Le G 10 était un ensemble électronique à cartes présenté en fin 1963 .
Conçu par la Cie des Machines Bull, devenue  Bull General Electric en 1965, il se posait en concurrent à l'IBM 1401.
Mémoire à tores de ferrite de 1.024, 2048 ou 4.098 car.(7 bits) de cycle 7,9 micro sec./car.
Circuits basés sur des transistors au germanium (5 à 6.000), assemblés sur de petites plaques à éléments discrets.

 

Performances :
Durée du cycle inter-carte : 200 ms
Calcul : add de 2 nombres de 6 chiffres  = 0.22 ms
              mul de 2 nombres de 6 chiffres  = 5.60 ms
              div de 12 chiffres par 2 chiffres = 8.40 ms
lecture et perforation à 300 c/m
impression à 300 l/m. Double entraînement papier possible, comme visible sur la photo. 120 car par ligne.

Design : en 1963 Bull avait confié son Gamma 10 au grand designer Philippe Charbonneaux (info P.Mounier-Kuhn). La photo montre que l'ensemble était assez réussi. et n'occupait que 20 m², très peu pour un ordinateur de l'époque. Hauteur maximale : 1,90 m.
Poids de l'Unité Centrale = 900 kg, de l'imprimante  = 450 kg.
 

Cet ensemble était de conception simple et robuste. Il profitait d'un sous-ensemble introduit par la Cie Bull pour la série 300 et modernisé : le lecteur/perforateur de cartes à 300 cartes / min (à droite sur la photo), véritable chef-d'œuvre électromécanique, où aucune électronique n'intervenait encore : 5 moteurs synchrones, logique de contrôle à petits relais, arbre à came pour synchronisation (ouverture et fermeture des contacts électriques). En plus la case normale de réception des cartes, deux cases spéciales.

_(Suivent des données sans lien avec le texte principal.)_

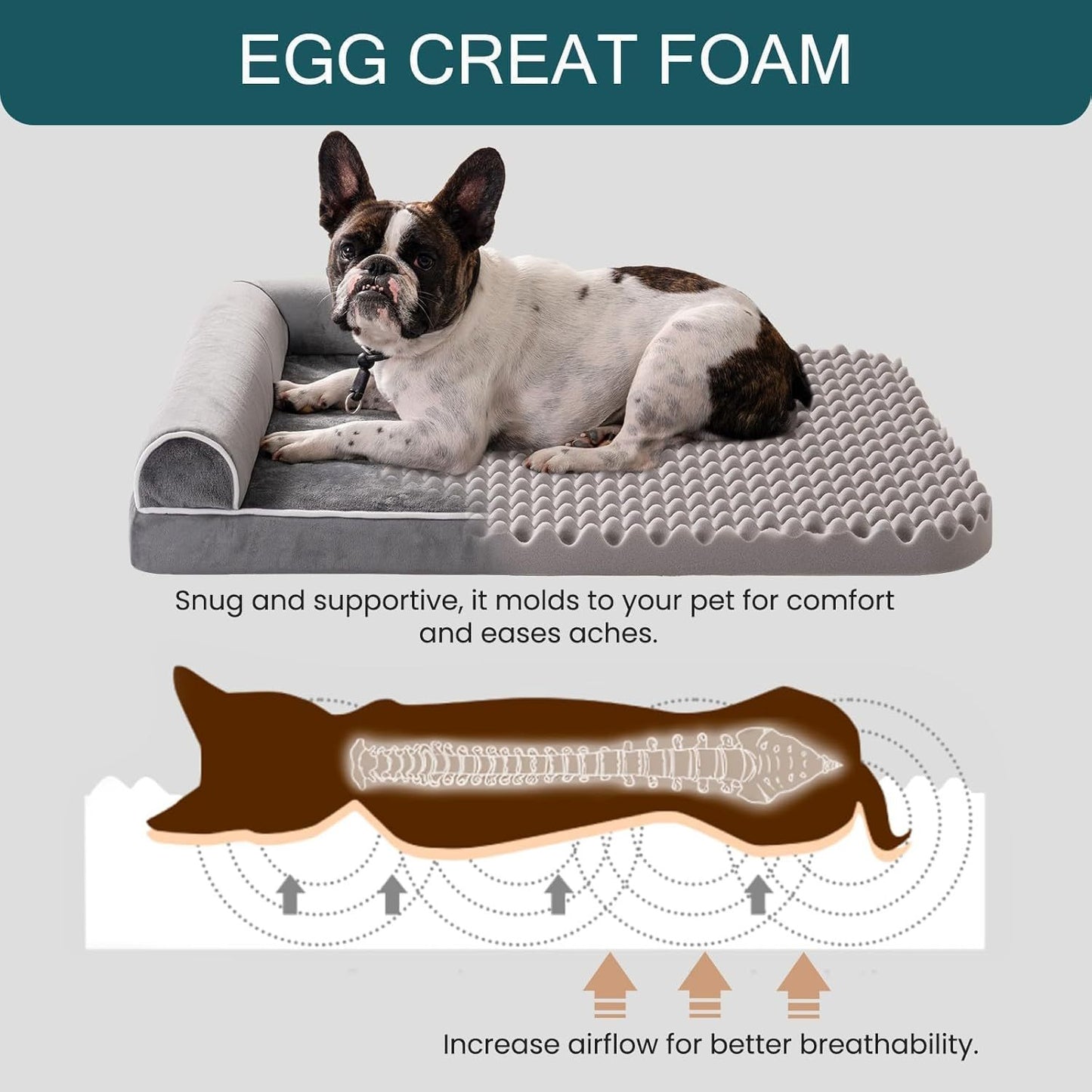 MEWOOFUN Orthopedic Dog Bed for Medium & Large Dogs, 40"x30", Waterproof Cover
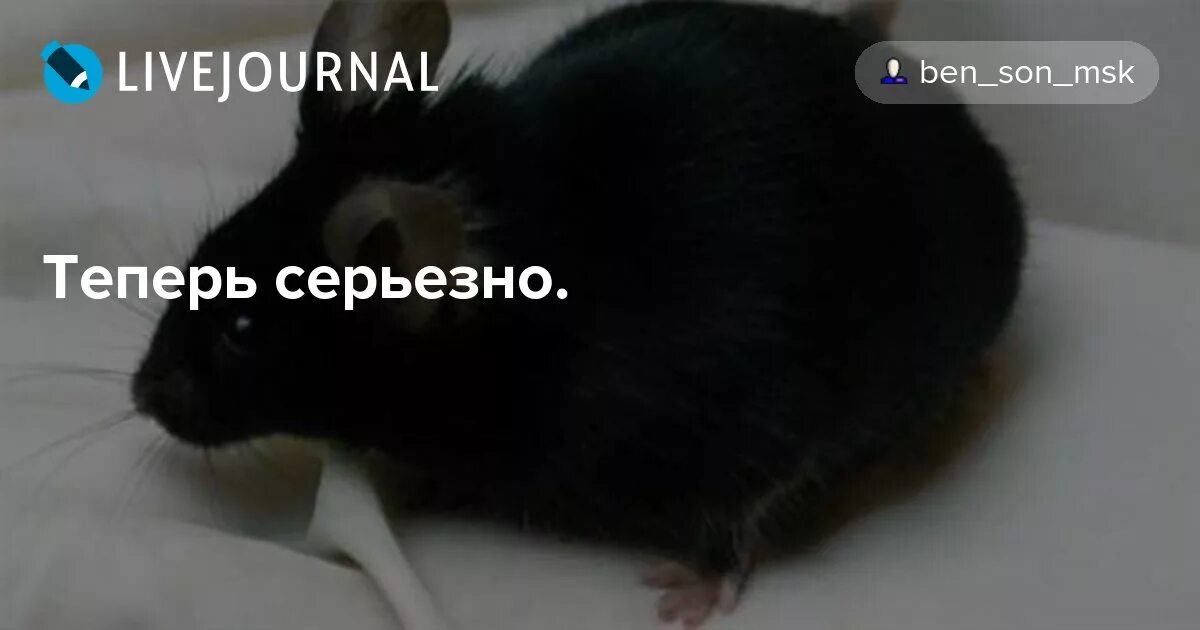 Теперь серьезно. Теперь серьезно. Картинка а если серьезно. А если серьезно надпись. Теперь серьезно.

Programmation en un auto code d'apprentissage aisé, lequel ne fut pas pour rien dans le succès de cette machine. Le programme était enregistré en mémoire via un jeu de cartes. Mais comme il n'y avait pas de mémoire périphérique, à chaque changement de programme, il fallait alimenter le programme suivant via cartes.
La programmation pouvait aussi s'appuyer sur un petit tableau de connexion, le sélecteur d'indices de 32 positions, pour exploiter les comparateurs de la piste d'entrée.
Pour les ateliers mécanographiques de l'époque, une machine telle que le G 10 remplaçait plusieurs tabulatrices sans révolutionner l'organisation de l'atelier. La trieuse de cartes restait indispensable, l'interclasseuse, souhaitable.

références : deux brochures de description générale "le gamma 10 compact Bull", non numérotées
Le Gamma 10 pouvait être équipé d'une à deux unités de lecture/écriture sur la partie magnétique de films 35 mm. (photo ci contre)
A l'époque, il n'y avait pas encore de standard universel concernant les bandes magnétiques, et ce moyen apparaissait comme économique.

Capacité : 1,2 millions de caractère par bande.